# Olan Mills Awesomeness



## Capt Worley PE (Aug 11, 2009)

Sadly, I do remember the 70s and pictures like this...

http://www.thewebmirror.com/olan-mills-awesomeness/


----------



## snickerd3 (Aug 11, 2009)

Those are great!! :rotflmao:


----------



## frazil (Aug 11, 2009)

LMAO!! Those are awesome!


----------



## csb (Aug 11, 2009)

I've always loved those pictures. I'm now glad my parents were too cheap in the early 80s to shell out for a floating head picture.


----------



## Chucktown PE (Aug 11, 2009)

That is great.
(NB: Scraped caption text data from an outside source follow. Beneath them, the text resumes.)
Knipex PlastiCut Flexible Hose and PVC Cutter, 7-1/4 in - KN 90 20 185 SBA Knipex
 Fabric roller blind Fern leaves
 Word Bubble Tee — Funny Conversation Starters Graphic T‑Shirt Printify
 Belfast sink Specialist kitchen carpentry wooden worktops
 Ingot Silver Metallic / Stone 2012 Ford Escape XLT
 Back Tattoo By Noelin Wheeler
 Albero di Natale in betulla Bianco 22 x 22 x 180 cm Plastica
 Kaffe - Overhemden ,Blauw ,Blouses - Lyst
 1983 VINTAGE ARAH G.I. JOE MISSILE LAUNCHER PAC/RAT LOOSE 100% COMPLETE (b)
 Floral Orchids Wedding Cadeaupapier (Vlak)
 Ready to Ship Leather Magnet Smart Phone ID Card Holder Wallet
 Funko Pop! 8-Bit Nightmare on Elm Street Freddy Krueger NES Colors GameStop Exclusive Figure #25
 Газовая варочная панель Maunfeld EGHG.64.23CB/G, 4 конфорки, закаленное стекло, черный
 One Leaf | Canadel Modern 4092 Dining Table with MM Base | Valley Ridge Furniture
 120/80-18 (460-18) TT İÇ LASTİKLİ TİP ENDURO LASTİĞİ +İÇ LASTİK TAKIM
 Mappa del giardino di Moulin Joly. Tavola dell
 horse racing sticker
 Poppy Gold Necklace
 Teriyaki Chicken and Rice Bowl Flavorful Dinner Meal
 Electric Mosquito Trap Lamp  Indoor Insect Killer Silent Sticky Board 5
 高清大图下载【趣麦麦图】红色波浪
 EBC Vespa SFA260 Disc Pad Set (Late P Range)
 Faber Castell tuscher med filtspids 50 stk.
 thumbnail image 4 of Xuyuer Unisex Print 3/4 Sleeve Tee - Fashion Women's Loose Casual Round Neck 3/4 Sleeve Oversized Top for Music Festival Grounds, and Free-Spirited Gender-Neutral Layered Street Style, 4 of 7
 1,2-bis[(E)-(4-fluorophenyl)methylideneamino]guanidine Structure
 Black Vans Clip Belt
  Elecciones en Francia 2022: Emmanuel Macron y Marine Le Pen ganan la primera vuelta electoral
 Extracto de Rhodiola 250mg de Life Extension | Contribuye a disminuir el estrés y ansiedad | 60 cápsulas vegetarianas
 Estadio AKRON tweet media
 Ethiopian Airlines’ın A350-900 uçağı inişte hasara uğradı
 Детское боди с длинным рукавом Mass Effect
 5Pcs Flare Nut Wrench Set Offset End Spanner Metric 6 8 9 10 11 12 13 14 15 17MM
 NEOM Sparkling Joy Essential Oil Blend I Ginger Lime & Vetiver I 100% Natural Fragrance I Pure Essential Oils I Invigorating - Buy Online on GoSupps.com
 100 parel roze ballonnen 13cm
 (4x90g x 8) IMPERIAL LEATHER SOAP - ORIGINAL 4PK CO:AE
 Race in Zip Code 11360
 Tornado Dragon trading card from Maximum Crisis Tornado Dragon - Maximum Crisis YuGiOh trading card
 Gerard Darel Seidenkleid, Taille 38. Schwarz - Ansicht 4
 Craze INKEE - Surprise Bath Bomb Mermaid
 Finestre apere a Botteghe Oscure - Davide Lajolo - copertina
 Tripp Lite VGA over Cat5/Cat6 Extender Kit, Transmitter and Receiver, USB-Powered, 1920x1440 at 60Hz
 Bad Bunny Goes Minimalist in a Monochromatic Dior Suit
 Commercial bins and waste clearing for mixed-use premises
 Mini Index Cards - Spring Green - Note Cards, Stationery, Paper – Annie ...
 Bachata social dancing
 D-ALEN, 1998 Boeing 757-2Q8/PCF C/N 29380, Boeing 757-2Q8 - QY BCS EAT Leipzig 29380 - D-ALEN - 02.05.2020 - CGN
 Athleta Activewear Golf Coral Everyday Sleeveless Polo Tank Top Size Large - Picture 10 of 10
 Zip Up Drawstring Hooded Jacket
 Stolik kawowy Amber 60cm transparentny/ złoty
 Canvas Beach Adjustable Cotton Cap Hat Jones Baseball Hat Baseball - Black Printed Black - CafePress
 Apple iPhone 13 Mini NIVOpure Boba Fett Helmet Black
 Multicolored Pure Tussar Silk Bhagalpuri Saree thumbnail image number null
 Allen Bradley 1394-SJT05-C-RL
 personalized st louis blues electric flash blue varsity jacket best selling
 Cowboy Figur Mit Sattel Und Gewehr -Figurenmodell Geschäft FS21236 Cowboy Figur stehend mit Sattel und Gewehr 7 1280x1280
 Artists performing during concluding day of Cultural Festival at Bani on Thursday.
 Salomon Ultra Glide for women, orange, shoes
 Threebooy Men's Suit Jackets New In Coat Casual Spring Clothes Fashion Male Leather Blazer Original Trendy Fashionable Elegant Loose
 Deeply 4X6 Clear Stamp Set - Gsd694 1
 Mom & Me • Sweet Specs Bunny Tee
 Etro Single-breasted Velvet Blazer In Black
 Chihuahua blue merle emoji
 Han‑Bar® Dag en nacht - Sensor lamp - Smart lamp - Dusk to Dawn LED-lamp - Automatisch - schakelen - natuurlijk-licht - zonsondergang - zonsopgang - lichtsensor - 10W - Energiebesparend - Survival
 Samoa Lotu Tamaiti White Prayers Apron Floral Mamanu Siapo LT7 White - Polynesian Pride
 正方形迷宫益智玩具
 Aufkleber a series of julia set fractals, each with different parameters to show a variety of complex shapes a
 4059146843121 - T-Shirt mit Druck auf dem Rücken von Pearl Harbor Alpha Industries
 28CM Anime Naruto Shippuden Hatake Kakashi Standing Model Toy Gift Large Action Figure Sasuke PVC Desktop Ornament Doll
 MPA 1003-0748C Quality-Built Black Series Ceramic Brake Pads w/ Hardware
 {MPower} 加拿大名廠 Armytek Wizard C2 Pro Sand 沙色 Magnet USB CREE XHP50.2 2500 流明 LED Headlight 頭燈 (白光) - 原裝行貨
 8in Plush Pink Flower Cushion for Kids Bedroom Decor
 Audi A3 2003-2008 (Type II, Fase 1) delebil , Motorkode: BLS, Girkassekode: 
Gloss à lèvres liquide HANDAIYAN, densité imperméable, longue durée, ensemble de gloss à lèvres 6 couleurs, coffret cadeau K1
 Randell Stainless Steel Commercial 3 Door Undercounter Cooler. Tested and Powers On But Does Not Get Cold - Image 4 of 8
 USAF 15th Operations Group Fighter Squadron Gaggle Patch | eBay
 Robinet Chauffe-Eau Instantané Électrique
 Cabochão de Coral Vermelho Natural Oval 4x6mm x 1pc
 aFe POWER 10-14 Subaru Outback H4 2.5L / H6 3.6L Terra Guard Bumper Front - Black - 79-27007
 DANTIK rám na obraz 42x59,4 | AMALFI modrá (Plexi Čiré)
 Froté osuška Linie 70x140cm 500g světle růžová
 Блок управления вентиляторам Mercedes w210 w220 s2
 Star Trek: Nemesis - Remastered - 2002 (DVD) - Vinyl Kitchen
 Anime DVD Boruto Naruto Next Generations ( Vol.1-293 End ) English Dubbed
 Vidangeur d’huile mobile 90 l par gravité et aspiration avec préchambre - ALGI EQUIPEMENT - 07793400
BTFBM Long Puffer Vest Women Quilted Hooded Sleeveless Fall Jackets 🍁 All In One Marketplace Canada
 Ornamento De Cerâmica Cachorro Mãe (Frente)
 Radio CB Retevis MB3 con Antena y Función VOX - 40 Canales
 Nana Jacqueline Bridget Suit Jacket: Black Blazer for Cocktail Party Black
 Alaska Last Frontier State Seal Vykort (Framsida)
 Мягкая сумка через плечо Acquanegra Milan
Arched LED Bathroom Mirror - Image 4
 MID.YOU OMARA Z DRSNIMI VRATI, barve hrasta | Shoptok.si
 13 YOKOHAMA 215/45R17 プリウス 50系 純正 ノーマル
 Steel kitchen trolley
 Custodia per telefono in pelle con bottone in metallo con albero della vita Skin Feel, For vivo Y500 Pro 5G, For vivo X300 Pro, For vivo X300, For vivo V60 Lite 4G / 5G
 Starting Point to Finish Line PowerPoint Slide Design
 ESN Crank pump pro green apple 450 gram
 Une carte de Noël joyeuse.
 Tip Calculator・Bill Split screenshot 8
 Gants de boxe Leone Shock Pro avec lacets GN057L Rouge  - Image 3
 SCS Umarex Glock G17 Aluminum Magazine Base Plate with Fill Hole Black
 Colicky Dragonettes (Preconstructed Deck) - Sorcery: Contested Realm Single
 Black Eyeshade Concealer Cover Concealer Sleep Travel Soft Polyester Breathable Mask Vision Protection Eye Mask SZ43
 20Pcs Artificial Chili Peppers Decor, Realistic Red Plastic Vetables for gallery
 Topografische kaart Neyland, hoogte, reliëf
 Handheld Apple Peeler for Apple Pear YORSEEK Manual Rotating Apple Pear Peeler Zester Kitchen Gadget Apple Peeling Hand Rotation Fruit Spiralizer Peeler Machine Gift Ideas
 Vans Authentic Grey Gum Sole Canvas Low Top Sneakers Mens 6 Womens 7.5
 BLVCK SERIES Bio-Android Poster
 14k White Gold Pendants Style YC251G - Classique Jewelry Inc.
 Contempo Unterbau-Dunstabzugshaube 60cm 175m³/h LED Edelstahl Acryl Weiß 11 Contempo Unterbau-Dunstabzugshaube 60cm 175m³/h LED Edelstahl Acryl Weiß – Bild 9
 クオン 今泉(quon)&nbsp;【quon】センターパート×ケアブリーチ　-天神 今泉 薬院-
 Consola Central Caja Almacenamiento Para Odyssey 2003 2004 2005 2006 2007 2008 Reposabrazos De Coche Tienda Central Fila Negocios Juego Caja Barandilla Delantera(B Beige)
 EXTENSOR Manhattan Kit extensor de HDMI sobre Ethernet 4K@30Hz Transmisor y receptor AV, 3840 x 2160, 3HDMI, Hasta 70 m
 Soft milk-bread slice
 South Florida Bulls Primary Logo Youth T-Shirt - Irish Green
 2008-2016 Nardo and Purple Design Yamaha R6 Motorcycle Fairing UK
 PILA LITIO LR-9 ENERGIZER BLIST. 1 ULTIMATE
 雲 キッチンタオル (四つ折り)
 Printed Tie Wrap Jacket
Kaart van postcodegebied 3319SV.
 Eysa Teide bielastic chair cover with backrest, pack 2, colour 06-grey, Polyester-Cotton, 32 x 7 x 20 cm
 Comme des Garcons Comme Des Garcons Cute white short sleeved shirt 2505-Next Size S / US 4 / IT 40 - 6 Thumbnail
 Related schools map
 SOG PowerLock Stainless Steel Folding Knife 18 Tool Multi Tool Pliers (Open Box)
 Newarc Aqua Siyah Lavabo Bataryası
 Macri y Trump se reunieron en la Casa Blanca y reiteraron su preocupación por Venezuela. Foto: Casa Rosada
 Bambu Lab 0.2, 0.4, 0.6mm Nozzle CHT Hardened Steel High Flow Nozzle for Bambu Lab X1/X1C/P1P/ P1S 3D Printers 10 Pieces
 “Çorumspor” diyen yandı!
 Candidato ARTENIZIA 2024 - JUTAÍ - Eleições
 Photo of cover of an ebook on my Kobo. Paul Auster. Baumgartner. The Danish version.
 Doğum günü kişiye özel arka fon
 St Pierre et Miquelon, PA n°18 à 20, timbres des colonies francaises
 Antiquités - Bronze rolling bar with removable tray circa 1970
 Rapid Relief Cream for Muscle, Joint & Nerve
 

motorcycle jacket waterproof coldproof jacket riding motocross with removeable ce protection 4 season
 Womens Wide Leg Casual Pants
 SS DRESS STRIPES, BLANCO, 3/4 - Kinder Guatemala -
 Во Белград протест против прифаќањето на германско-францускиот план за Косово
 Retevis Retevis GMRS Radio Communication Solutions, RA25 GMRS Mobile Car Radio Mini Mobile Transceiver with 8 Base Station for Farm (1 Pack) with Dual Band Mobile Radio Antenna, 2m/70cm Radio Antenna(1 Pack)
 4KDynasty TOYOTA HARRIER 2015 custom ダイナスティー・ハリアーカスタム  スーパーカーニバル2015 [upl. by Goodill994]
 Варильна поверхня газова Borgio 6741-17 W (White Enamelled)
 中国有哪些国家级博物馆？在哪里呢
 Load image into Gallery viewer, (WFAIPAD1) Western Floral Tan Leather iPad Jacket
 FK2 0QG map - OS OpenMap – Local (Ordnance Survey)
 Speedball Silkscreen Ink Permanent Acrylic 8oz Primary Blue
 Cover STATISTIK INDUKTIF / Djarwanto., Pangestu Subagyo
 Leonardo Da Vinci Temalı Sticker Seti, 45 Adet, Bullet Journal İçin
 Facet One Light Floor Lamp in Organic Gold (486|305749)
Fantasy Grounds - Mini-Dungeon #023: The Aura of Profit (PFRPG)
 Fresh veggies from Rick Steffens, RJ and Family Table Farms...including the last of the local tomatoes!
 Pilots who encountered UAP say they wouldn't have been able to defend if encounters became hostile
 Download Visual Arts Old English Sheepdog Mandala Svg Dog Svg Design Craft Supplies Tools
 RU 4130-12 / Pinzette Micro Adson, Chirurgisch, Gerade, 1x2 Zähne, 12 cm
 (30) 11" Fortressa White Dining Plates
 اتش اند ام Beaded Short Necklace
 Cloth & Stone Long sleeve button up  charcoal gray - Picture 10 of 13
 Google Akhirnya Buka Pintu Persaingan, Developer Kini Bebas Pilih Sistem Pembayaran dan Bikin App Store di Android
I'm forwarding that to everyone I know.


----------



## Flyer_PE (Aug 11, 2009)

I also remember the 70s and they were that orange.


----------



## Capt Worley PE (Aug 11, 2009)

^Sadly, you are correct.


----------



## Melanie11 (Aug 11, 2009)

My friend emailed this to me last year and I was crying I was laughing so hard. Our house was very orange growing up and we had mustard colored appliances. We also have one or two olan mills family pics.


----------



## Wolverine (Aug 11, 2009)

...must...resist...urge...to...post..."Southwestern Aztec Ponchos" picture from 1975...

And dad was in a light blue leisure suit I think. Oh it was a beaut.


----------



## kevo_55 (Aug 11, 2009)

The cat one is the best! :Locolaugh:


----------